How does the Team work?

If a student is still experiencing difficulties after less formal methods of intervention have been attempted (i.e., team discussion, teacher-parent conferencing, etc), s/he should be referred for a formal SST meeting. The SST Coordinator will schedule an SST meeting date, in conjunction with identified SST members (teacher(s), support staff, parents, and possibly the student). Before the meeting, it may be necessary for participants to gather relevant information, such as educational history information, work samples, and/or other desired information.


What happens at the meeting?

Team members discuss concerns about the student in positive terms. Participants share information and observations about the student, focusing on areas of strength, as well as concerns. After the team identifies the student’s specific needs, possible solutions are developed, and an action plan is put into writing. This plan includes detailed goals and objectives, a time frame for completion of the interventions, modifications, or program changes, the criteria for measuring the effectiveness of the changes, and identifies those responsible for specified follow-up tasks.


What happens after the meeting?

Confidential written minutes of the meeting are placed into the student’s SST folder (as an extension of the cumulative file) to provide documentation and to ensure consistency throughout change of grade level, teacher, or school.
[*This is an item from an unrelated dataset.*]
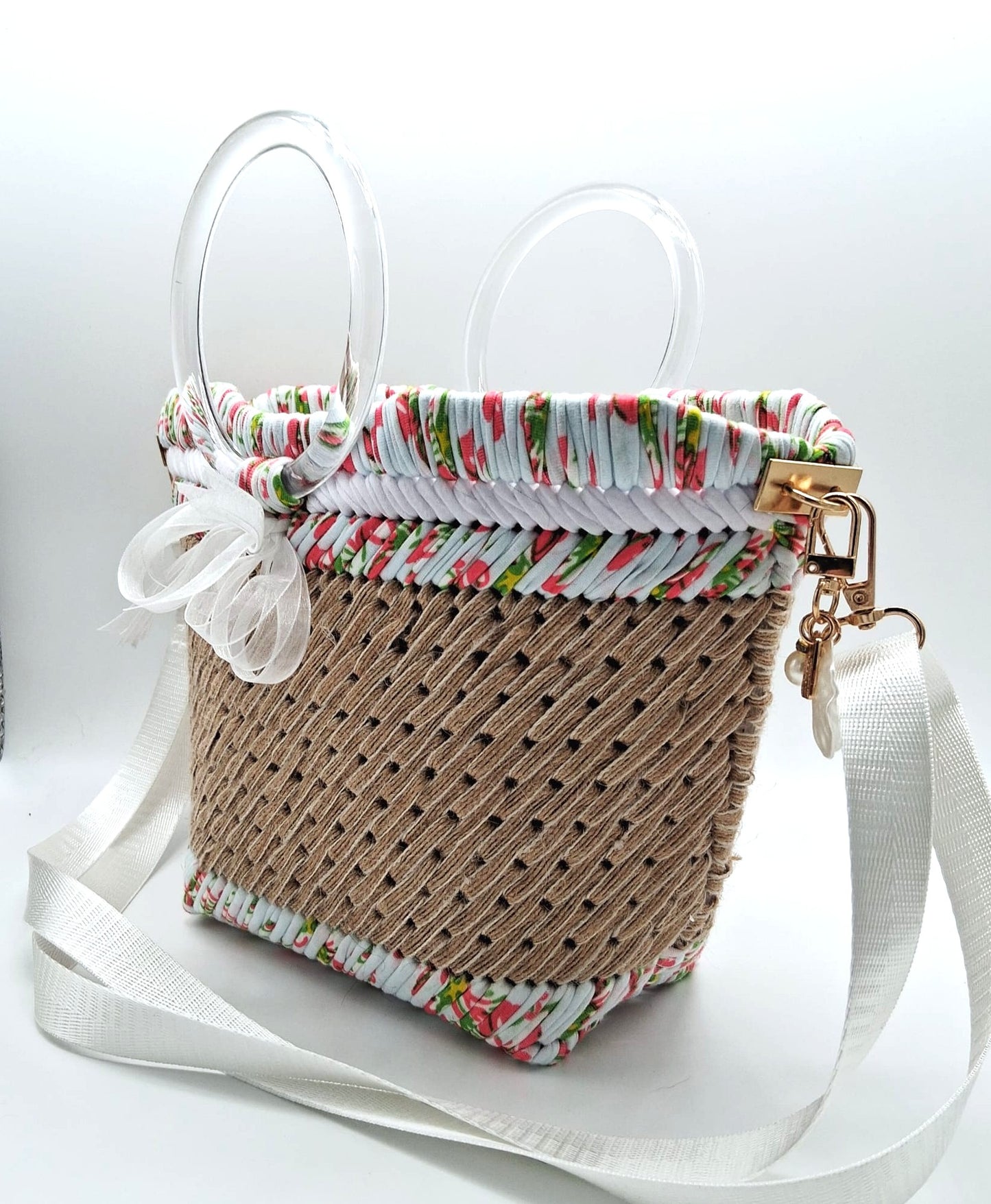 Sac à main "fleurs des champs"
Periodic SST reviews may take place, as agreed at the team meeting.



Acknowledging that there are many expectations for students, it becomes a challenge to determine whether the problem is associated with an academic, social, emotional, or behavioral demand. Often a collaborative team approach can help identify appropriate interventions to assist the student in overcoming barriers to school success.

SST Process 1: Pre-Referral Steps

In questioning whether the student is having academic or behavioral difficulty, the teacher analyzes the academic and social characteristics of the student and compares them to the demands and expectations of the classroom and curriculum. To validate whether there is a mismatch between the demands in the classroom and the student’s abilities, the teacher considers the student’s level/rate of development and the student’s past experiences with learning.

Several sources of data may be gathered, reviewed, and considered prior to and in preparation for an SST meeting, including:

  • informal assessment of student’s work samples
  • conference with parent, by phone or in person
  • talking to counselor, other teachers, previous teachers
  • review of educational history

The teacher makes the initial parent contact. It is very important that the parents be involved as problem-solvers from the beginning of the process. The purpose of contacting the parent is to express the teacher’s concern about presenting problems, learn the parents’ views, and gather pertinent information about student/family relationships through the course of conversation.

The permanent record file is reviewed by the counselor with a critical eye on previous test results, school attendance, mobility factors, retention, vision/hearing screening results, etc. This information provides a good profile of the student’s past experiences.

After reviewing information gathered, the teacher develops classroom interventions to address the identified issues. The teacher documents these strategies and results. If insufficient progress is seen after a period of time, the teacher refers the student to the SST.

SST Process 2: Student Referral

The person making the referral completes the SST referral form, and submits it to the SST Coordinator’s mailbox. The SST Coordinator contacts the referring party to discuss appropriate potential team members, then schedules the meeting and invites all participants.

SST Process 3: SST Meeting

This is really the first SST meeting. It is an interdisciplinary team model that uses campus resources, parents, and support specialists to collaboratively review the information gathered by the teacher and counselor in Processes 1 and 2. Membership on the SST is determined on an individual basis and reflects resources the student might need.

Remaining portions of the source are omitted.